Im ersten Moment verstört reagierte auch die jüngere der beiden Schülerinnen eines katholischen Mädchengymnasiums aus dem beschaulichen Neuss (NRW), als sich uns, am gleichen Morgen, noch an der Bushaltestelle in Brooklin, ein älterer, distinguierter Herr näherte, der beim Anblick der Jüngeren seine Kinderstube zu vergessen schien, so fasziniert war er von der lässig zum Dutt gebundenen Frisur des Mädchens.
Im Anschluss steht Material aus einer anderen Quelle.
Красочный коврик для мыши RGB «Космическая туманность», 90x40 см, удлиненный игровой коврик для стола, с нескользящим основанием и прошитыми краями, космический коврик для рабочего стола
Tatsächlich macht er Anstalten, dieses Haarkunstwerk ehrfürchtig zu berühren, was verständlicherweise dazu führte, dass das junge Fräulein erschrocken zur Seite sprang.

 

Sogleich wandte er sich an mich und entschuldigte sich wortreich für seine Entgleisung. Die Frisur sei einfach bezaubernd, da habe er nicht widerstehen können, und die Mädchen seien wirklich wunderschön. Woher denn die Schönheiten stammten, wollte der Mann, nun wieder ganz Gentleman, wissen, bevor er nach einem kurzen Austausch seinen Weg glücklich und dankbar fortsetzte.

 

Nur einen Tag später zogen die Mädchen gleich fünf junge Männer zwischen 20 und 30 Jahren in ihren Bann, in einem Bus, in dem wir eine längere Strecke miteinander zurücklegten. Kaum eingestiegen, suchten die jungen Männer das Gespräch. Von ursprünglich etwas plumper Anmache bis zu wirklichem Interesse reichte das Spektrum. Kurzweilig war dieser Austausch, den ich zusammen mit unserem männlichen Beschützer, dem 14 jährigen Sohn der Assistentin meines Mannes, übersetzte, wenn auch mit einen kurzen, amüsanten Missverständnis.

 

So kam große Begeisterung auf, nachdem die jungen Männer aus dem Berichteten geschlossen hatten, dass die ältere Schönheit Schauspielerin in der aktuellen Telenovela “Avenida Brasil” sei. Nun wollten sie sich erst recht mit ihr in der Balada, der Disko, schmücken.

 

Ob jung oder alt, arm oder reich, quer durch alle Berufsgruppen: Die Begeisterung, die den blonden Fräulein entgegengebracht wurde, war für die Mädchen, die nach eigenen Angaben in Neuss nicht besonders auffallen, eine große Überraschung.

 

Da gab es mehrere Polizisten, die ihrer Faszination Ausdruck verliehen. Das sind doch Polizisten, dürfen die denn das?, wurde ich immer wieder gefragt. Doch was soll man darauf antworten.

 

Einmal gar stürzte ein beifahrender Bombeiro, ein Feuerwehrmann, fast aus dem Führerhaus, als er sich bei voller Fahrt hinauslehnte, um den Mädchen nachzuschauen.

 

Unzählige Motoboys, Boten auf dem Motorrad, hupten und riskierten für einen Blick ihr Leben, ebenso wie Lieferanten auf dem Fahrrad.

 

Ein BMW-Fahrer, der bei seiner Ausfahrt aus einem Parkhafen bereits fast mit einem Bus kollidiert war, trieb es auf die Spitze, denn er setzte auf einer viel befahrenen Einbahnstraße mehrfach zurück, um die Mädchen zu betrachten.

 

Unangenehm wurde keiner der bisweilen eifrigen Verehrer. Das unterscheidet die Paulistanos von ihren Geschlechtsgenossen in manch anderen Teilen der Welt. So genossen es die jungen Damen, die mein Mann, um ein Gegengewicht zu setzen, gern als kleine Kröten bezeichnete, als deutsches Fräuleinwunder bestaunt und hofiert zu werden.